Bennie va demander à Ileta de l’accompagner pour chercher Alfredo Garcia
Comme on le voit, ce n’est pas bien recherché. Il n’y a pas vraiment de suspense, et les scènes d’actions ne sont pas assez excitantes pour tenir le spectateur en haleine. Il est difficile de trouver un thème particulier à ce film. Sauf si on se réfère au mythe d’Ulysse en supposant que finalement Bennie ne veut pas rentrer chez lui – d’ailleurs il ne sait pas vraiment où sa maison se trouve – et qu’il prend tous les prétextes possibles et imaginables pour s’éviter d’affronter sa propre réalité. Ileta se trouve alors dans la place de Circée. L’ensorcelant par ses manigances sexuelles, elle le tient éloigné de lui-même. On voit bien que quand il lui propose le mariage, il le fait à contre-cœur. La mission qu’il se donne, ramener la tête d’Alfredo Garcia pour encaisser beaucoup d’argent est un leurre. La preuve, lorsqu’il aura l’occasion de toucher ce fric, il l’oubliera sur la table, et puis il reviendra pour le récupérer, parce que tout de même c’est pour cela que seize personnes sont mortes ! Il est aussi dans une position de rivalité amoureuse avec Alfredo, même si celui-ci est mort. Il est toujours là entre lui et Ileta. Cette relation ambiguë qu’il entretient avec Ileta, est révélée plus encore avec la scène du viol qui est une répétition presqu’à l’identique de celle qu’on a vue dans Straw dogs. L’ambigüité vient de ce que finalement Ileta semble prendre du plaisir à se faire violer, ne serait-ce que parce qu’elle peut ainsi tester ainsi son pouvoir sur les hommes. On a dit que dans ce film Bennie était en fait un portrait de Peckinpah lui-même, arguant de sa solitude, de sa grande sensibilité, mais aussi de la peur qu’il avait des femmes qu’il consommait pourtant en grande quantité. C’est bien possible, mais ça ne fait pas une histoire, et encore moins un film. C’est même peut-être un handicap.

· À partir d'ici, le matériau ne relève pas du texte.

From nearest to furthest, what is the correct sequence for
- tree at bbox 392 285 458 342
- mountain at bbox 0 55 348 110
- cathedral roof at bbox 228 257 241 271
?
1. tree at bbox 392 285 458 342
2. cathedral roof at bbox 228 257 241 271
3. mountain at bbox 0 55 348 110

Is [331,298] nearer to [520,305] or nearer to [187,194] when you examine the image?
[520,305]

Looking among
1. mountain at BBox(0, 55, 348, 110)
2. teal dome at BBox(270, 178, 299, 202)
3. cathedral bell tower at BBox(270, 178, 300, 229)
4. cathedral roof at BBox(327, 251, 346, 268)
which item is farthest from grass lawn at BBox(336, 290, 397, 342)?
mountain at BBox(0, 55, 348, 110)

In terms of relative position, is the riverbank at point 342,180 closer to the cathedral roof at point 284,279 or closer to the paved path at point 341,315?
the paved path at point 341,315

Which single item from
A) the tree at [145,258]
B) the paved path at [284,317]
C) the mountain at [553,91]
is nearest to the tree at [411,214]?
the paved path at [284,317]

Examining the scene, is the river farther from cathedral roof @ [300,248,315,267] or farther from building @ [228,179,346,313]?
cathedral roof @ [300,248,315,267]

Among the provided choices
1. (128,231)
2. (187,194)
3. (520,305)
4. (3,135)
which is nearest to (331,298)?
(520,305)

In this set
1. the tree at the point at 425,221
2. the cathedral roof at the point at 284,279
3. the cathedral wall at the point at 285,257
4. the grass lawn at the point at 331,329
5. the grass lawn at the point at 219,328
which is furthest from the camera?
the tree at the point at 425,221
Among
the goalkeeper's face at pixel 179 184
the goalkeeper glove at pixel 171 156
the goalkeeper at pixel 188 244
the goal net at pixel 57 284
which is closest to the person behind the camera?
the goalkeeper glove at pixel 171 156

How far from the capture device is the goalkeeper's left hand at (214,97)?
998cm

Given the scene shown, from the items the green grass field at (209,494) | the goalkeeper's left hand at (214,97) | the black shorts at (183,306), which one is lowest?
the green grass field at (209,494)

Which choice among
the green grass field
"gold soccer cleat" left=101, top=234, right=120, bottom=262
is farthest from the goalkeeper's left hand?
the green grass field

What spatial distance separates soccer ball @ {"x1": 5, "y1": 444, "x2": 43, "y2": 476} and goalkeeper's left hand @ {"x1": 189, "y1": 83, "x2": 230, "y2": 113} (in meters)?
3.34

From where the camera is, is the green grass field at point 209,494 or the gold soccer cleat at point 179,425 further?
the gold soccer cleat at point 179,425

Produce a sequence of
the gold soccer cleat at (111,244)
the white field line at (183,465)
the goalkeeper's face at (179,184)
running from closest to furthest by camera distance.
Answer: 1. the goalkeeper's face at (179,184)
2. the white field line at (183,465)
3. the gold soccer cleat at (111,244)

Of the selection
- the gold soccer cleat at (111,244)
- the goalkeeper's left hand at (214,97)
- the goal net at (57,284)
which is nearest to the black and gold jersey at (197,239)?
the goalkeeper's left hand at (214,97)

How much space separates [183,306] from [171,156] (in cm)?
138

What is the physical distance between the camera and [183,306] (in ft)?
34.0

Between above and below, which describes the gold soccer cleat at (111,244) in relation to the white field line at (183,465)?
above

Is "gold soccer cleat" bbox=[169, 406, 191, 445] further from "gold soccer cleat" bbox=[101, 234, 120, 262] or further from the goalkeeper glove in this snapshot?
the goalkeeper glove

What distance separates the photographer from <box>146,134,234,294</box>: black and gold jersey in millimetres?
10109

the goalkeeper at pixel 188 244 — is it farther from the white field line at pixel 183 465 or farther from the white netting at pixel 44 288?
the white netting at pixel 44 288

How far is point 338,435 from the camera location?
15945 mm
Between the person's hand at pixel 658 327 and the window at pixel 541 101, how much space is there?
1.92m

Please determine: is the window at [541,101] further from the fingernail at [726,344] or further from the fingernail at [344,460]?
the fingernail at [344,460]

Ils arrivent dans un petit village où Alfredo Garcia a été enterré
Bien entendu à côté de cela on trouvera une analyse assez pertinente du Mexique et de son système de classes, l’extrême pauvreté côtoyant l’extrême richesse. Il va y avoir un regard très bienveillant du réalisateur sur ces petites gens qui ne vivent de rien et qui sont toujours près à se vendre pour subsister. Comme dans le roman de Malcom Lowry, Under the volcano, le Mexique est associé au sexe, à l’alcool et à la chaleur dans laquelle les âmes se perdent et se trouve la mort. C’est aussi une manière de confronter deux territoires, les Etats-Unis qui s’effondrent – les voitures sont délabrées et tombent en panne, mais c’est Nixon que Peckinpah détestait qui est le président – et le Mexique qui est la terre du renouveau de l’Humanité. A cette époque d’ailleurs Peckinpah prétendait s’y installer. Bennie boit plus que de raison, Peckinpah, aussi. Sauf évidemment que Peckinpah ne tuait personne et ne découpait pas de tête sur des cadavres ! Il y a aussi en prime une approche de l’homosexualité. Les hommes fonctionnent par couple : c’est Bennie et Alfredo par Ileta interposé, mais aussi les deux tueurs Sappensly et Quill. On verra Sappensly ébaucher un geste de tendresse envers son partenaire dont il constate la mort. Pour ces deux tueurs Peckinpah a retenu qu’il s’agissait bien là de quelque chose d’intentionnel[1]. Ils ressemblent d’ailleurs au couple de tueurs de The killers de Don Siegel dont il fut l’assistant réalisateur sur plusieurs films. Mais on peut aussi ajouter le couple de bikers qui ont un comportement pour le moins étrange, comme Charlie et Norman dans Straw dogs. C’était une obsession que Peckinpah aimait bien opposer à la déception que les femmes emmènent avec elles cette possibilité. On retrouve le même schéma : comme David s’opposait aux appétits insatiables d’Amy, Bennie est ici opposé à la sexualité débridée d’Ileta qu’elle avoue ingénument à Bennie.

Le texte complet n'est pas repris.